Coming on the heels of a report on Wednesday showing private payrolls in December notched their biggest increase in a year, the data on Thursday suggest the economy’s fundamentals remain healthy as it’struggles against the headwinds of a strong dollar, bloated inventories and energy sector investment cuts.
“The data are supportive of continued job gains. You don’t go into a recession with jobless claims and layoffs at these low levels,” said Jacob Oubina, senior economist at RBC Capital Markets in New York.
Initial claims for state unemployment benefits dropped 10,000 to a seasonally adjusted 277,000 for the week ended Jan. 2, the Labor Department said. The decline partially unwound the prior week’s jump, which had lifted claims to their highest level since early July.
Last week was the 44th straight week that claims held below the 300,000 mark, which is associated with a healthy labor market. That is the longest run since the early 1970s.

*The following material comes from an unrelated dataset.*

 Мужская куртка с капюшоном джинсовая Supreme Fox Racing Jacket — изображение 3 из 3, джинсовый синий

The four-week moving average of claims, considered a better measure of labor market trends as it’strips out week-to-week volatility, slipped 1,250 to 275,750 last week.
The encouraging news on the labor market comes ahead of the release on Friday of the closely watched employment report for December. According to a Reuters survey of economists, nonfarm payrolls likely increased 200,000 in December, on top of the 211,000 jobs added in November. The unemployment rate is seen unchanged at a 7-1/2-year low of 5 percent.

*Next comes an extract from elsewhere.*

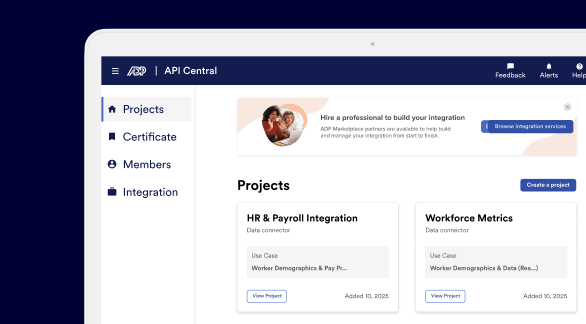 API Central home screen, displaying Projects, Certificate, Members, Integration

“The current (claims) data continue to indicate that U.S. labor markets are fundamentally healthy. We expect a similar read from tomorrow’s December employment report,” said Jesse Hurwitz, an economist at Barclays in New York.
GROWTH FEARS
Should the December employment report meet expectations, it could calm fears over the U.S. economy and ease some pressure on global equity markets, which have suffered a sell-off this week on concerns about the impact of slowing growth in China on the world economy.
Weak reports on U.S. manufacturing, construction spending, auto sales and export growth prompted economists this week to slash their fourth-quarter GDP growth estimates by as much as one percentage point to as low as a 0.5 percent annual pace. The economy grew at a 2 percent annual rate in the third quarter.
U.S. stocks were trading lower on Thursday, also as a continued decline in oil prices rattled investors. The dollar weakened against a basket of currencies and prices for longer-dated U.S. government debt fell.
In a separate report, global outplacement consultancy Challenger, Gray & Christmas said U.S.-based employers announced plans to cut 23,622 jobs in December, the fewest since June 2000. That was down 24 percent from November and the lowest December job-cut total on record.
For all of 2015, announced layoffs totaled 598,510, the most since 2011. Job cuts last year were mostly driven by the energy sector, which has been roiled by a collapse in oil prices, as well as layoffs in the military.
There were 94,409 announced layoffs in the energy sector last year, nearly seven times the job cuts announced in this industry in 2014. The United States Army announced plans to cut 57,000 troops and civilian personnel from its ranks.
“Low job cut announcements, layoff rates, and jobless claims point to companies seeking to retain workers in a tighter labor market environment,” said John Ryding, chief economist at RDQ Economics in New York.